▼

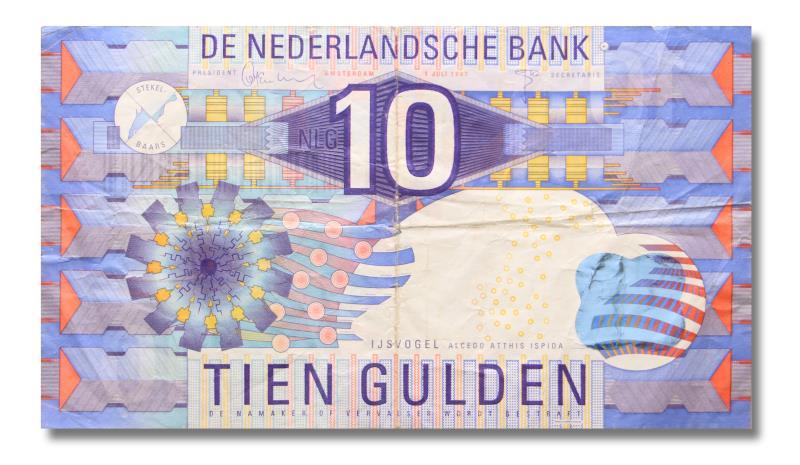 Nederland. 10 gulden. Bankbiljet. Type 1997. IJsvogel - Fraai.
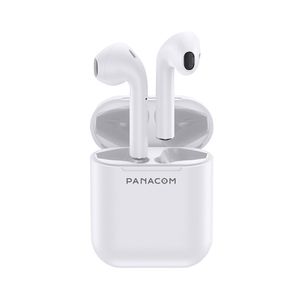 Auriculares Panacom Bluetooth 1366TWS Blanco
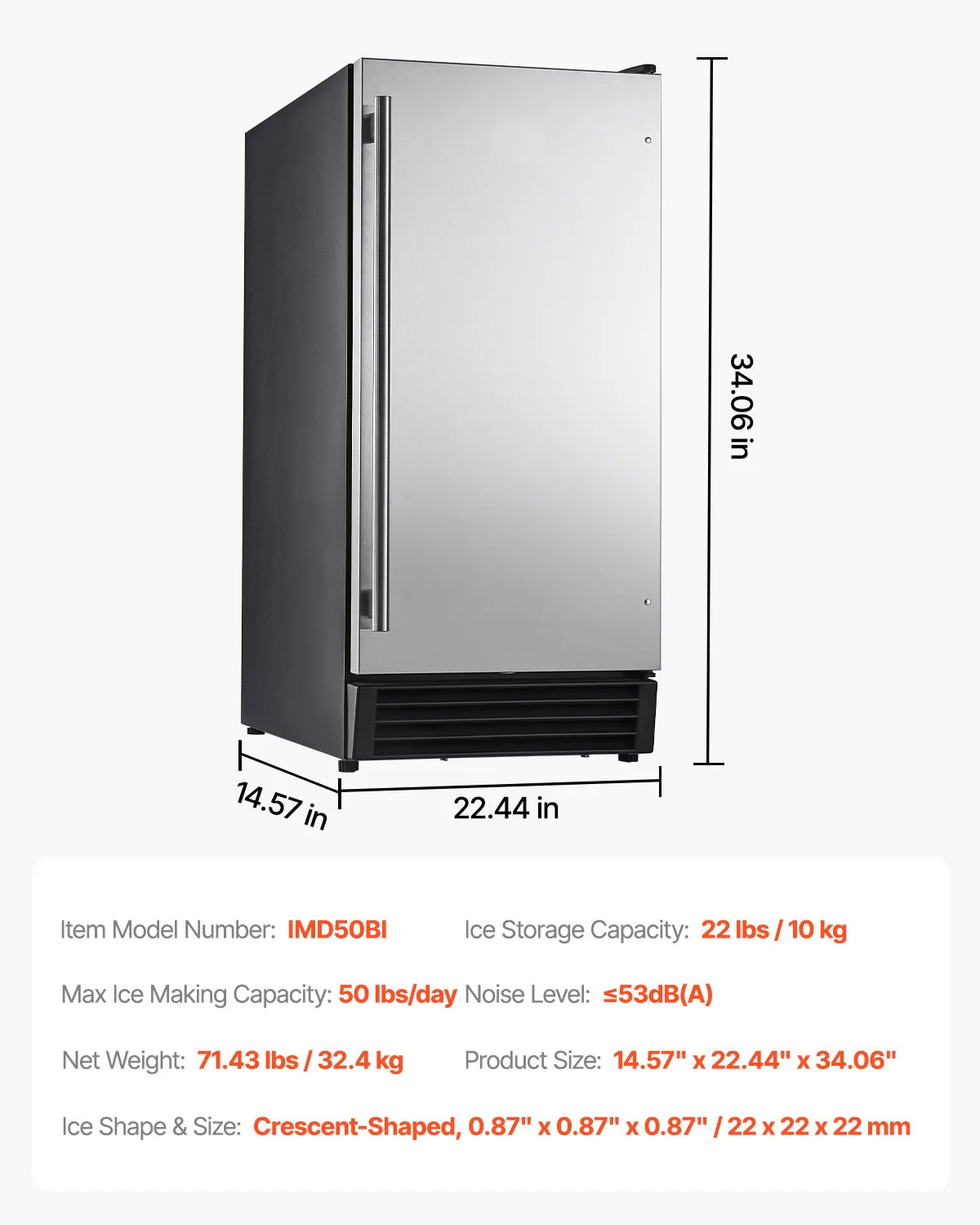 SucceBuy Undercounter Ice Maker With Drain Pump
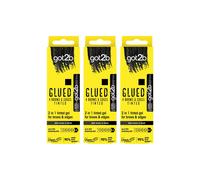 Got2B 'gel' Glued B&e Tint Black 16Ml (3 Pack) - Strong Hold & Flyaway Control Black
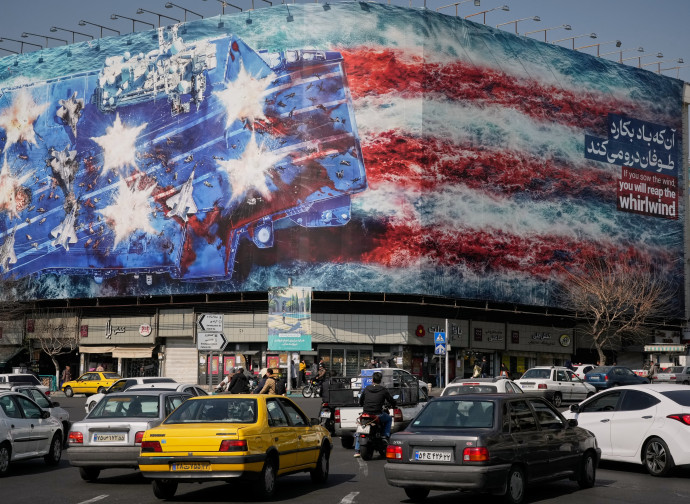 Propaganda anti-americana a Teheran (AP)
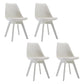 Minimalist Style Plastic Dining Armless Chair Upholstered Solid Back Chairs for Home White Set of 4 Clearhalo ' kitchen&dining_furn' 'Dining Chairs' 'Dining Tables & Seating' 'dining_chair' 'Furniture' 'furniture_dining_chair' 'Kitchen & Dining Furniture' 'kitchen' 4039936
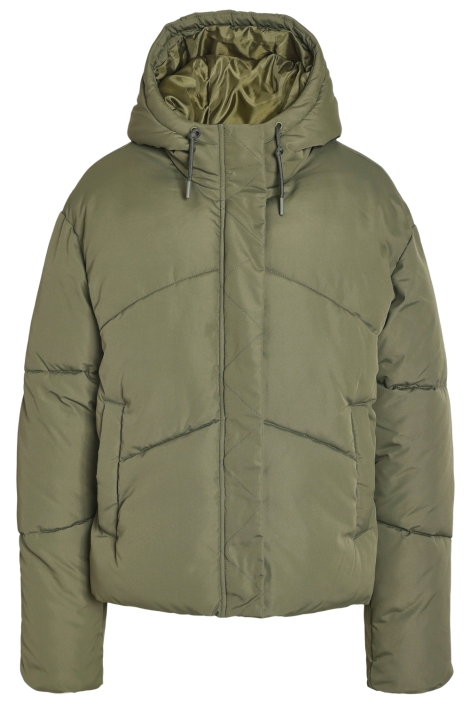 Noisy may groene dames jas | Vooraanzicht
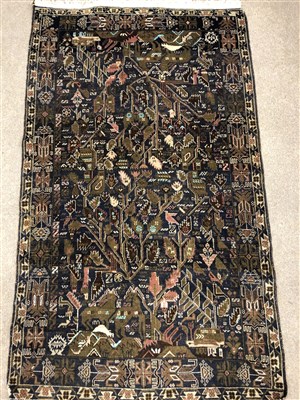 Lot 1093 - A LOT OF THREE EASTERN RUGS
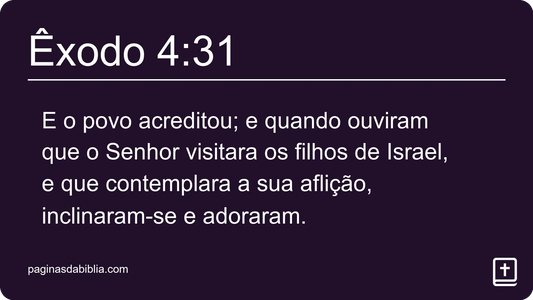 Êxodo 4:31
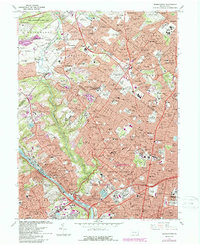 Germantown 1967 topographic map thumbnail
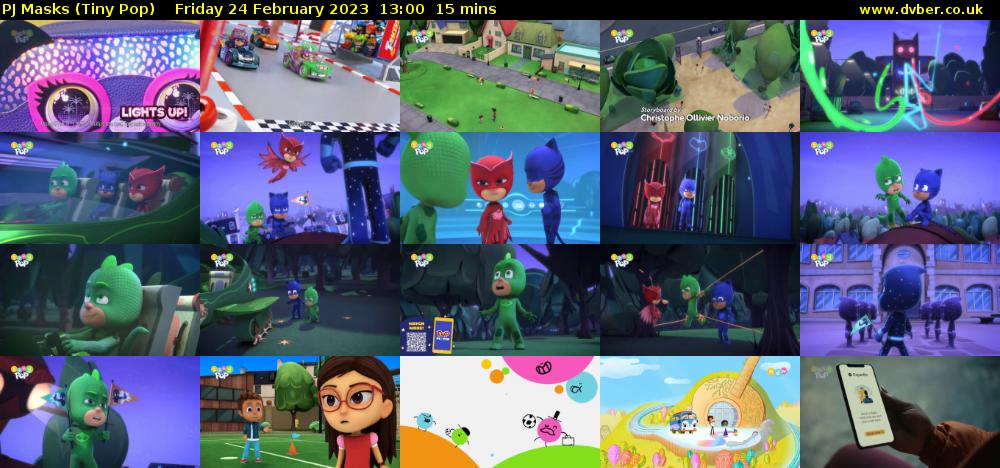 PJ Masks (Tiny Pop) Friday 24 February 2023 13:00 - 13:15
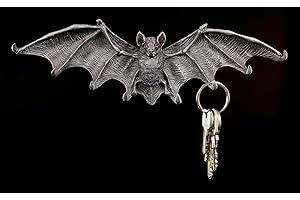 Figuren-Shop.de Fledermaus Schlüsselbrett mit roten Augen - Gothic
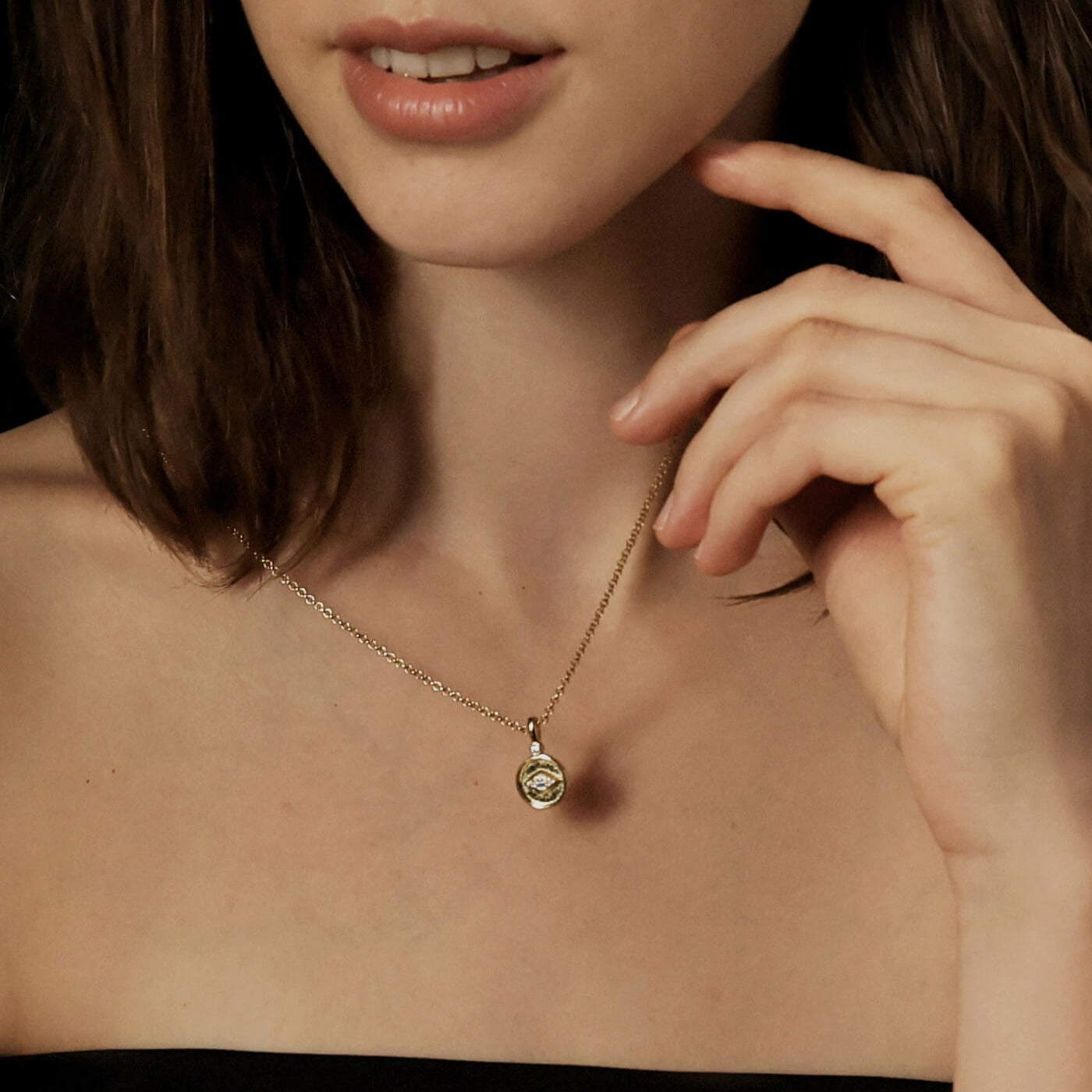 Mystery Eye Necklace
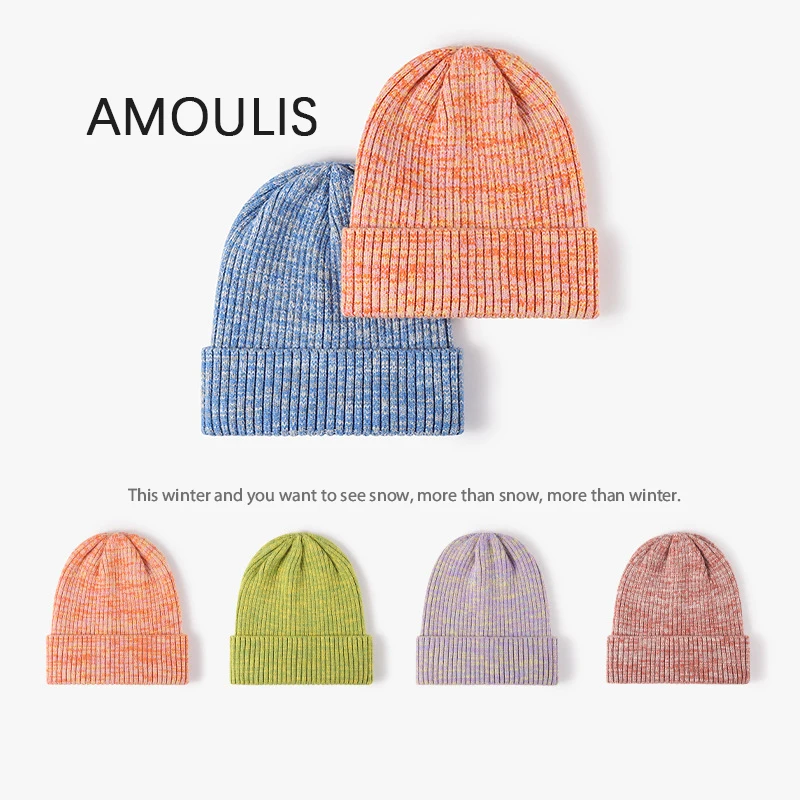 AMOULIS Winter Keep Warm Knitted Hats for Women and Men Fashion Print Skullies Beanies Female Retro Casual Melon Caps Unisex
AMOULIS Winter Keep Warm Knitted Hats for Women and Men Fashion Print Skullies Beanies Female Retro Casual Melon Caps Unisex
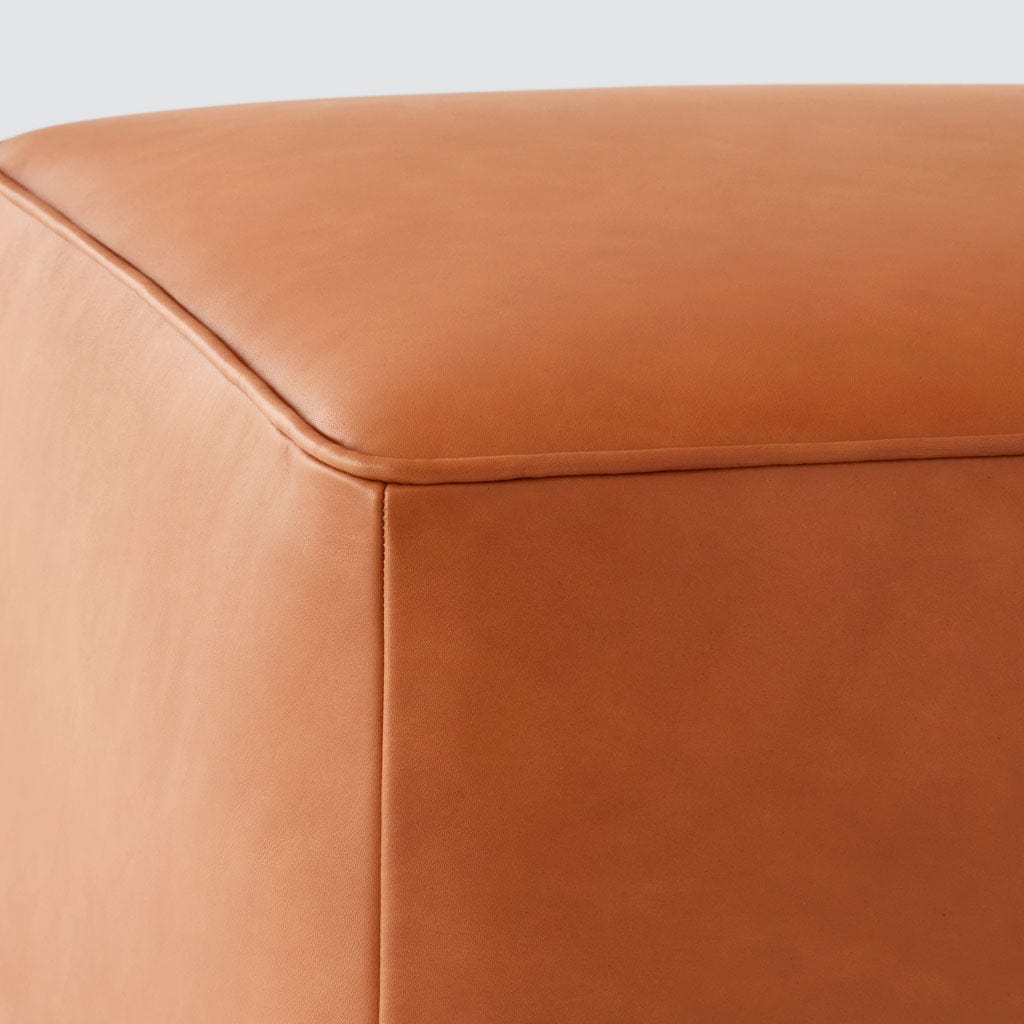 Torres Square Leather Ottoman - Medium & Large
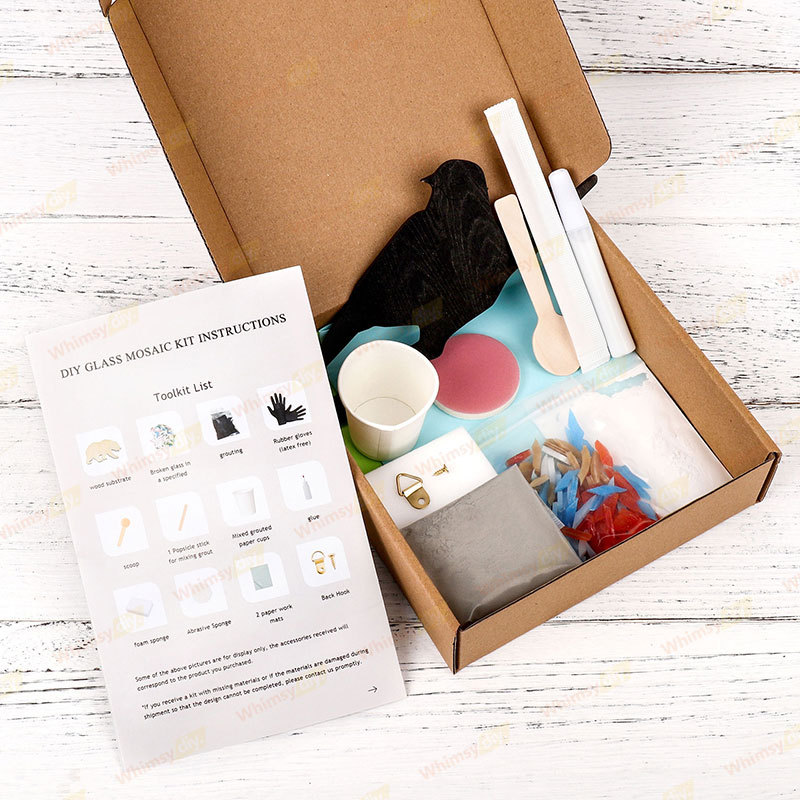 Bluebird Oriental Glass Mosaic Kit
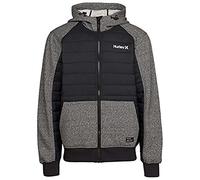 Hurley Homme M Monitor Mixed Media Hybrid Jacket, Newprint Or Black/Wht, M EU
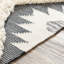 Tapis gris anthracite / crème Jovia-943637417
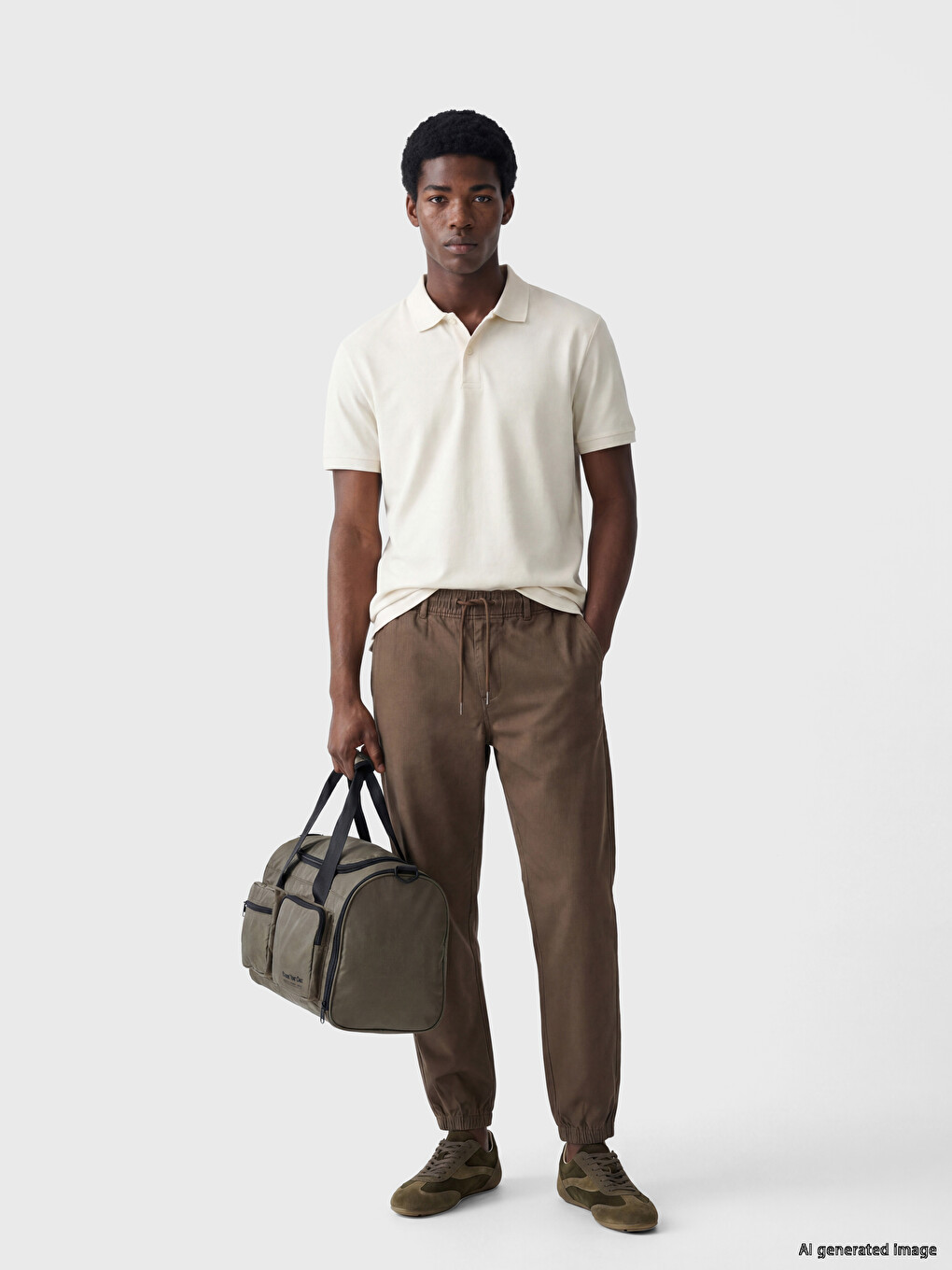 Regular Fit Gabardine Men's Trousers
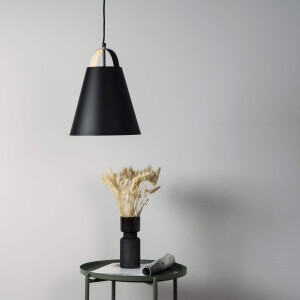 QUVIO Bijzettafel Marco - Metaal - 42 x 42 x 52 cm - Groen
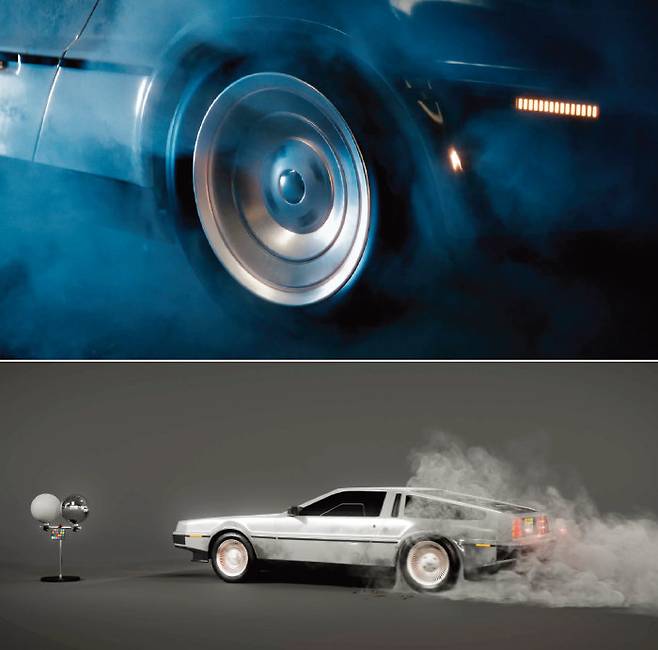 에스파 ‘Whiplash’ 뮤비에서 김온유 감독이 작업한 자동차 CG 이미지. 실제와 유사하게 만드는 데에 공을 들였다.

▲

# Try it
The answer is the lines above, word for word, from the first one through the one containing "Got2B 'gel' Glued"; it includes no pictures.

# Expected answer
 Nederland. 10 gulden. Bankbiljet. Type 1997. IJsvogel - Fraai.
 Auriculares Panacom Bluetooth 1366TWS Blanco
 SucceBuy Undercounter Ice Maker With Drain Pump
 Got2B 'gel' Glued B&e Tint Black 16Ml (3 Pack) - Strong Hold & Flyaway Control Black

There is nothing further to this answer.